Solved – Mann-Whitney test

assumptionsrepeated measurest-testwilcoxon-mann-whitney-test

I am carrying out a study in which I have $3$ groups $n= 2$, $n= 5$, $n=17$. Each group has a different inner ear abnormality, following the fitting of an ear implant I have measured their speech (ordinal data) and hearing scores (continuous data) at 1 and 2 years.

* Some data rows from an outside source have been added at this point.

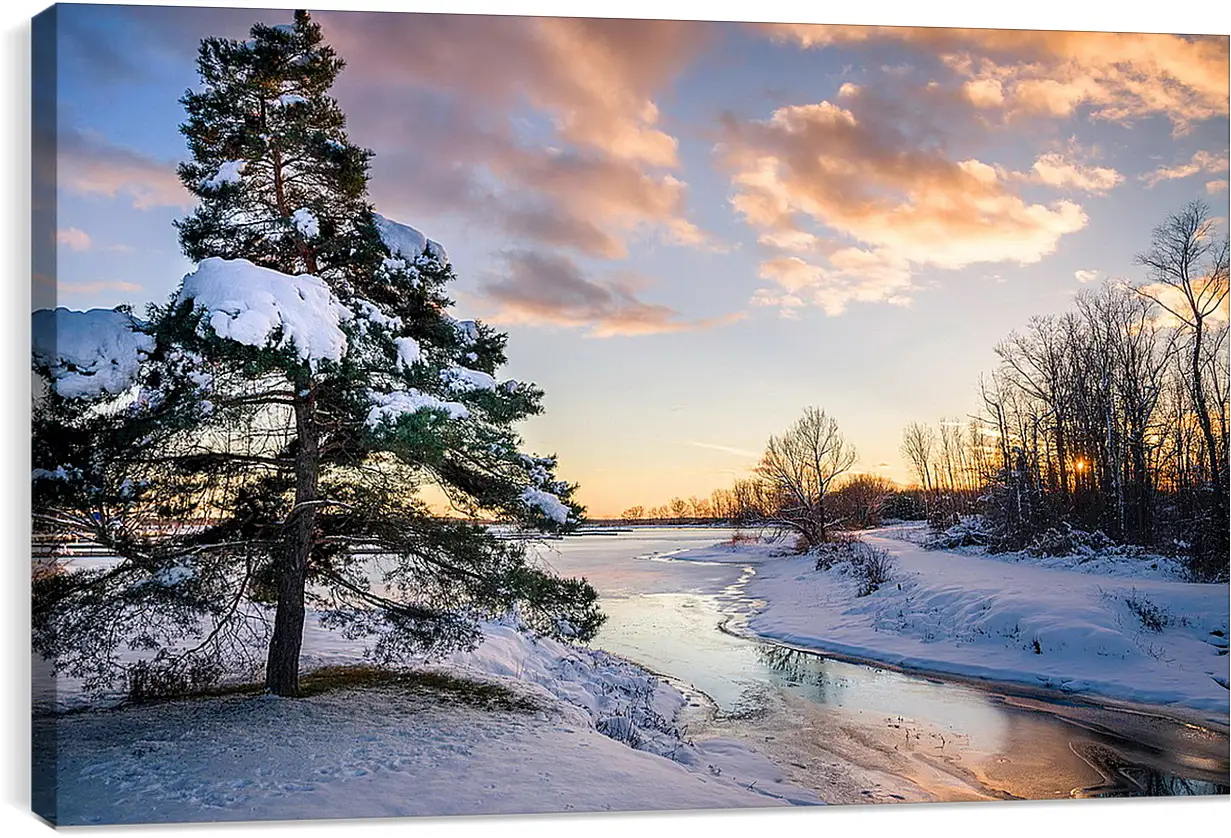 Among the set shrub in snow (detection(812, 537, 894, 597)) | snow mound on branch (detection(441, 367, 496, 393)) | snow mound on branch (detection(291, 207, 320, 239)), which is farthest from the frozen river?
snow mound on branch (detection(291, 207, 320, 239))

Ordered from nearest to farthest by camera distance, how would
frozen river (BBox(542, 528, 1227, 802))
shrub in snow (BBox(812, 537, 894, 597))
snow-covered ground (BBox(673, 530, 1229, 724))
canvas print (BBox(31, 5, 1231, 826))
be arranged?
canvas print (BBox(31, 5, 1231, 826)) → frozen river (BBox(542, 528, 1227, 802)) → snow-covered ground (BBox(673, 530, 1229, 724)) → shrub in snow (BBox(812, 537, 894, 597))

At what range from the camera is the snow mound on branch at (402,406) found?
5113mm

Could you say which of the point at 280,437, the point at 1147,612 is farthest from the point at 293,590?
the point at 1147,612

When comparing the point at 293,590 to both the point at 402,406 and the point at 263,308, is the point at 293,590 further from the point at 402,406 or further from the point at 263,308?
the point at 263,308

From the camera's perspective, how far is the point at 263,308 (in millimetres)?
4895

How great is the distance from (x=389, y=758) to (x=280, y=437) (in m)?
1.74

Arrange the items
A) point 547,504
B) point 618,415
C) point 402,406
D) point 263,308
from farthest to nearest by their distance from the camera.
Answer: point 618,415 → point 547,504 → point 402,406 → point 263,308

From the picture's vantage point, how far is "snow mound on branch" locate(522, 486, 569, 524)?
5539mm

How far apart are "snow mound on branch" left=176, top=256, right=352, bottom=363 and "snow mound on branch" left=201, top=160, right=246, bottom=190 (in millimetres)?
525

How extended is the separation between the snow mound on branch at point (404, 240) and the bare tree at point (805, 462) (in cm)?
219

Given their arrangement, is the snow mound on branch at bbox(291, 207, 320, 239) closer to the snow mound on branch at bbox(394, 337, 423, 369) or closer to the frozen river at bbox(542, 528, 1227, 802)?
the snow mound on branch at bbox(394, 337, 423, 369)

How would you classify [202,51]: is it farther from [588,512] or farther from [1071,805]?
[1071,805]

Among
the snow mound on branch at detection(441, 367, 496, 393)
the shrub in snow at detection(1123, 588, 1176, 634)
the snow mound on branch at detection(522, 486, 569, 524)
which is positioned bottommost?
the shrub in snow at detection(1123, 588, 1176, 634)

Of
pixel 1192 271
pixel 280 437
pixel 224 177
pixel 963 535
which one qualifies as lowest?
pixel 963 535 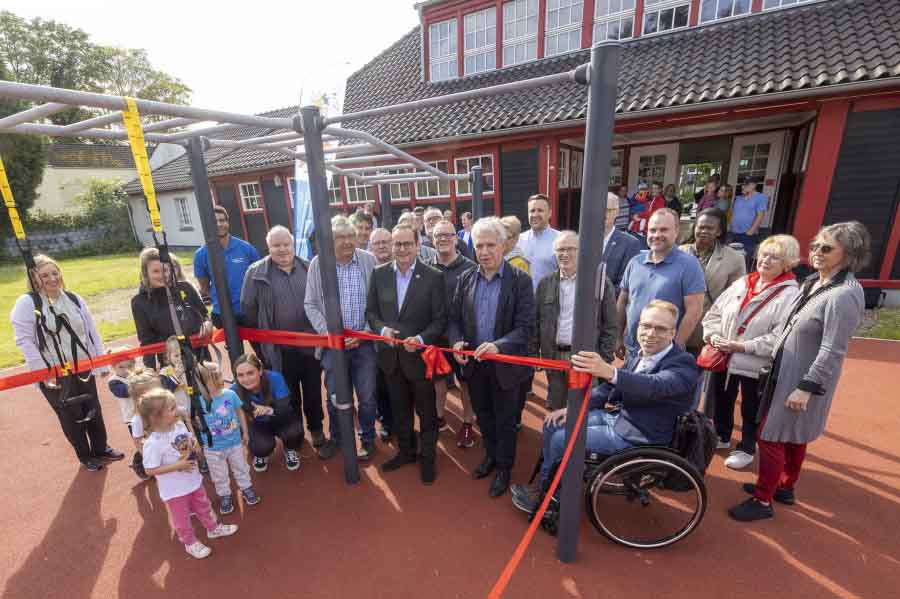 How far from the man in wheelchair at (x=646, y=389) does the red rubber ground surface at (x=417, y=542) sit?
0.63 m

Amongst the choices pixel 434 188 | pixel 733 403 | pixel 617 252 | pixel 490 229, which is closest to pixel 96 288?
pixel 434 188

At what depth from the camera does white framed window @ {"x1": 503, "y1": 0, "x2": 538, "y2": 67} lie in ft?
31.8

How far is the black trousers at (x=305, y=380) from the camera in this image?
11.0ft

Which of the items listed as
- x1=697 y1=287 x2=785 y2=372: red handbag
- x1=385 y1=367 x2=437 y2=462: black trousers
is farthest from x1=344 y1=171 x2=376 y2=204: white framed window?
x1=697 y1=287 x2=785 y2=372: red handbag

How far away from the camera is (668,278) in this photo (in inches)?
110

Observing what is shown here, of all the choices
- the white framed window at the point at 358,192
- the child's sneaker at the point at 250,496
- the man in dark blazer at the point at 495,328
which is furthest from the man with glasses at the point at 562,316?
the white framed window at the point at 358,192

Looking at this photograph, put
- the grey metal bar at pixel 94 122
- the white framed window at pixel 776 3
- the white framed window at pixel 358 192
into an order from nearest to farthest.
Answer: the grey metal bar at pixel 94 122, the white framed window at pixel 776 3, the white framed window at pixel 358 192

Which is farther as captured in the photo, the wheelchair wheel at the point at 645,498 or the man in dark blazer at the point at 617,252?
the man in dark blazer at the point at 617,252

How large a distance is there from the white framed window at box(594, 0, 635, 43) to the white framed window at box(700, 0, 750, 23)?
1.36 metres

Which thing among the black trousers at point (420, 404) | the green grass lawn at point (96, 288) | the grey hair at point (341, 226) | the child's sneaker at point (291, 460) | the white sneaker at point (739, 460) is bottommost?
the green grass lawn at point (96, 288)

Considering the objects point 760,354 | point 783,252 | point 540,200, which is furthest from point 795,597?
point 540,200

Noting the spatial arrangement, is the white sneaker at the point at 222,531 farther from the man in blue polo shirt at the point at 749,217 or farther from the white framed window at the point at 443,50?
the white framed window at the point at 443,50

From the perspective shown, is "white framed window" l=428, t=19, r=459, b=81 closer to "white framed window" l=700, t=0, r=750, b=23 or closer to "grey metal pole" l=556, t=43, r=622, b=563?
"white framed window" l=700, t=0, r=750, b=23

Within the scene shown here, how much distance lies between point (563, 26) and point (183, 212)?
17.9 m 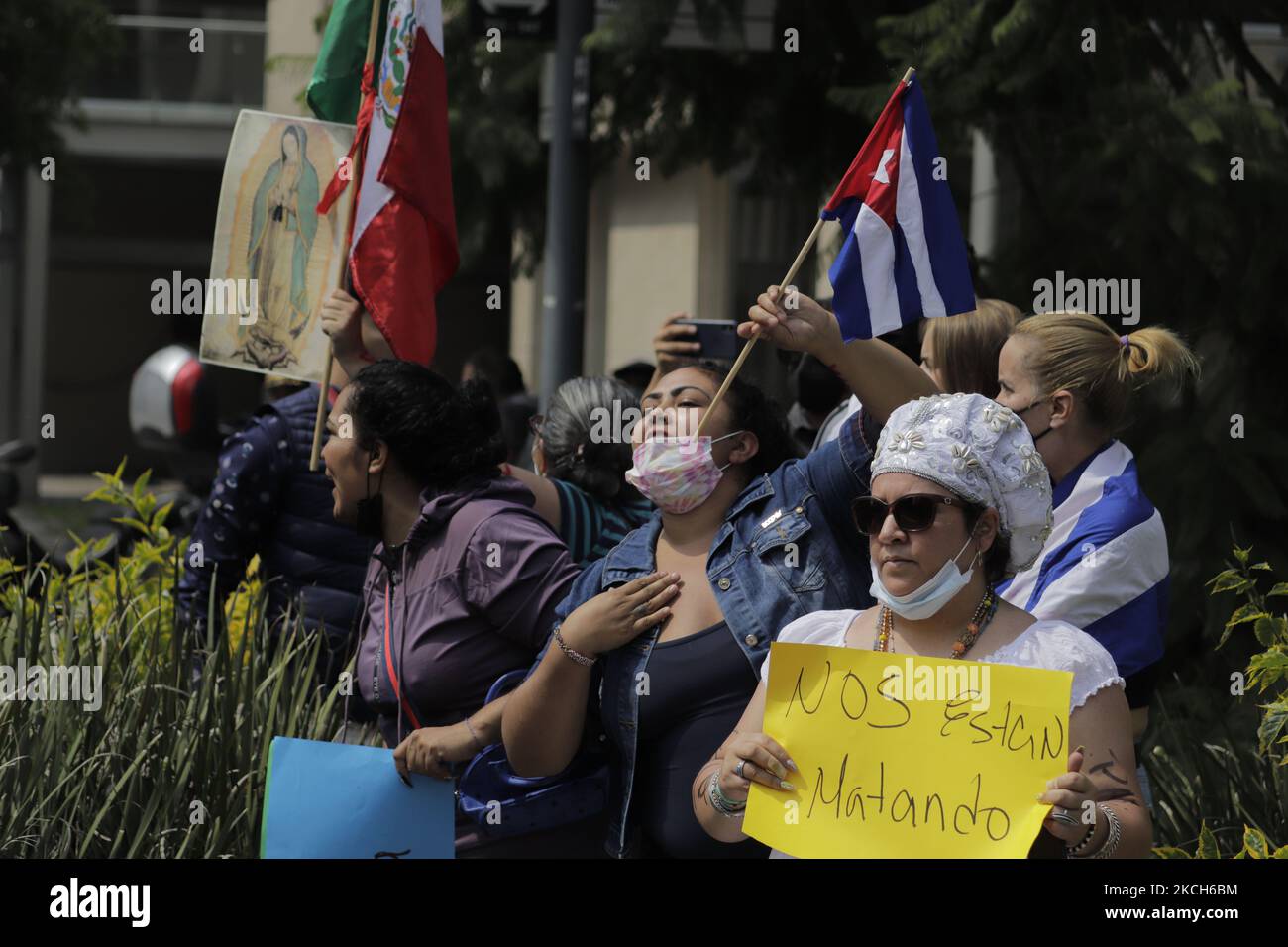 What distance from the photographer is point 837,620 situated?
3.19m

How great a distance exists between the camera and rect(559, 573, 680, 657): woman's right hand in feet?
11.7

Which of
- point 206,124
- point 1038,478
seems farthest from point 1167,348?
point 206,124

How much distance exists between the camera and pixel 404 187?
18.2 ft

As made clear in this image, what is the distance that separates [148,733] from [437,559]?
0.91 m

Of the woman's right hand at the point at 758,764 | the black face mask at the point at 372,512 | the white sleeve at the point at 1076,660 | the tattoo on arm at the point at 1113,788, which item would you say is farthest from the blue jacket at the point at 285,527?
the tattoo on arm at the point at 1113,788

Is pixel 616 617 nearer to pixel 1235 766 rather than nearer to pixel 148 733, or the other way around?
pixel 148 733

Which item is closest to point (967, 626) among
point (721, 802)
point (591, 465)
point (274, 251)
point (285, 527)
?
point (721, 802)

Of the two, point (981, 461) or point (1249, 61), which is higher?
point (1249, 61)

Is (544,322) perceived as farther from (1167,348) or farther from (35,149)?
(35,149)

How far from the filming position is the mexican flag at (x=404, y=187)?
17.7ft

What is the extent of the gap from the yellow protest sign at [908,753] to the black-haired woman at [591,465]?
1958 mm

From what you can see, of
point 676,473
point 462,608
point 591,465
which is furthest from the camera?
point 591,465

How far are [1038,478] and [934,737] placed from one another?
466 millimetres

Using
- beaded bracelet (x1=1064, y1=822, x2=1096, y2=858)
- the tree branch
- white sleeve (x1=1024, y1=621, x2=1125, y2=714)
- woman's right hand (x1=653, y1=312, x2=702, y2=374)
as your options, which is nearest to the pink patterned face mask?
woman's right hand (x1=653, y1=312, x2=702, y2=374)
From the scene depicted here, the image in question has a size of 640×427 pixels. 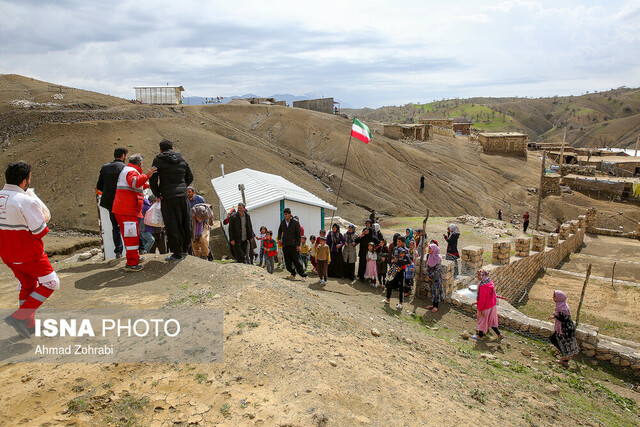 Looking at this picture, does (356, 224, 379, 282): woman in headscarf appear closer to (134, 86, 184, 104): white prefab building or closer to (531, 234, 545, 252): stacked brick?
(531, 234, 545, 252): stacked brick

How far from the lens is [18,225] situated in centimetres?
413

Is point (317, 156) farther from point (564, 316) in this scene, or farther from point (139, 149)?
point (564, 316)

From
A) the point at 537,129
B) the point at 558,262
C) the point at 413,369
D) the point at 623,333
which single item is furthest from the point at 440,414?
the point at 537,129

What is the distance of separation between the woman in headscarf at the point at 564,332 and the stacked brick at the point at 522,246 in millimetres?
6217

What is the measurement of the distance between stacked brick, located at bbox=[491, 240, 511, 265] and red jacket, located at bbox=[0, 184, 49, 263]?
11.3 m

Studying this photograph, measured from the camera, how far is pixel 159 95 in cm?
4322

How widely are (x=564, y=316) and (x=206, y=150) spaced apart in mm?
26030

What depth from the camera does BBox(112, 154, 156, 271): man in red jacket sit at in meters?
5.80

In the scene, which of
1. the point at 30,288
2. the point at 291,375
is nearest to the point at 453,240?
the point at 291,375

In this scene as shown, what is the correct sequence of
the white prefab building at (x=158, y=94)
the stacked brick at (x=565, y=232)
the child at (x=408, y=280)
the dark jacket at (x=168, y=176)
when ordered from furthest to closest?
the white prefab building at (x=158, y=94) < the stacked brick at (x=565, y=232) < the child at (x=408, y=280) < the dark jacket at (x=168, y=176)

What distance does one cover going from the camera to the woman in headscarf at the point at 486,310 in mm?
7828

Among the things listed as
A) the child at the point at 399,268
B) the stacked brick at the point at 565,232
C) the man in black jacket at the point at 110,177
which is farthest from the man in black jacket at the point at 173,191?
the stacked brick at the point at 565,232

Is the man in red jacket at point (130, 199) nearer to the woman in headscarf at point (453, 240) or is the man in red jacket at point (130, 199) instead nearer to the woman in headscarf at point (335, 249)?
the woman in headscarf at point (335, 249)

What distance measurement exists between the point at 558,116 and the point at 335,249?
117084 millimetres
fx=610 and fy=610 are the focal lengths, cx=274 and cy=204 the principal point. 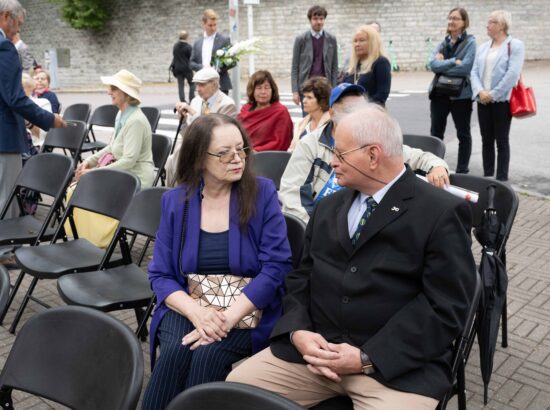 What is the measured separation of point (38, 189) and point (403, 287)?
340 centimetres

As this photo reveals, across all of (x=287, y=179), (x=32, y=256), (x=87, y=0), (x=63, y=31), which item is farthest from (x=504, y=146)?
(x=63, y=31)

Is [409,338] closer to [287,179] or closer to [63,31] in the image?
[287,179]

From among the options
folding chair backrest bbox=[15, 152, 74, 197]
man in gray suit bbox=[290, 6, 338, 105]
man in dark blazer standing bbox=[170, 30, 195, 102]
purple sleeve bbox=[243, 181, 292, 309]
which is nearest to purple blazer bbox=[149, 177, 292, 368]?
purple sleeve bbox=[243, 181, 292, 309]

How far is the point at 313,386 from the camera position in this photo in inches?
92.2

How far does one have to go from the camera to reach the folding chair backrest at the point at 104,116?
317 inches

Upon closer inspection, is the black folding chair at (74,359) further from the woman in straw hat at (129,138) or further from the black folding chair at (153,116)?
the black folding chair at (153,116)

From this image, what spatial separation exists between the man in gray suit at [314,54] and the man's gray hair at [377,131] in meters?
5.93

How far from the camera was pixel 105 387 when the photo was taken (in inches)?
75.8

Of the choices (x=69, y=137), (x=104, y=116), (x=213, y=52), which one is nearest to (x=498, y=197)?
(x=69, y=137)

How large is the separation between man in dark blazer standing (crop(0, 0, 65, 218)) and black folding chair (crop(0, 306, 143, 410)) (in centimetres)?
340

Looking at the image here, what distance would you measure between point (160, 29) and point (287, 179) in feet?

The group with only $2$ patients in must be excluded from stats I believe. For the two remaining groups, most of the data are normally distributed and most variances are similar for speech (ordinal data), but not for the hearing scores (continuous data).

I wonder if a Mann-Whitney $U$-test should be used for the following reasons:

  1. Ordinal data DV: although the data are normally distributed and most variances are similar, ordinal means that only a M-W can be done.
  2. Scale Data DV: the data are only normally distributed with homogeneity of variance in 2/3 of the measures, therefore again M-W? Or should a $t$-test be used (but doesn't a $t$-test assume homogeneity of variance)?

Best Answer

Hannah, first you answered your own question. Because the data is ordinal, you have to use the M-W test. If not for this condition, you probably could have used both tests. In many hypothesis testing situations, it is not 100% clear what test to use (you test for Normality and result is inconclusive; or you have a very large sample whereby Normality is less critical of an issue). In such undetermined situations (this happens very often), I recommend you use both tests (t test, M-W). You will notice that very often both tests pretty much give you very similar results in terms of statistical significance level. So, when both tests concur on this topic your case is solved. You can state with confidence whether you accept or reject the null hypothesis. Much fewer cases will be anbiguous when the two tests reach opposite conclusion. In this case, you drill down and look at your data very closely and make a conservative assumption as to given the nature of the data what test may be more appropriate. Sometimes, it is still unclear. In such a situation, you may decide to go with the test that gives you the more conservative result or you may decide to go with the test that reduces the type of error you are more sensitive to (Type I vs Type II error).

But, in your case because of the ordinal data, the proper test is M-W. Just for fun, you could try using the t-test and see if the two tests would come to the same conclusion... knowing that in this case, you would have to select M-W.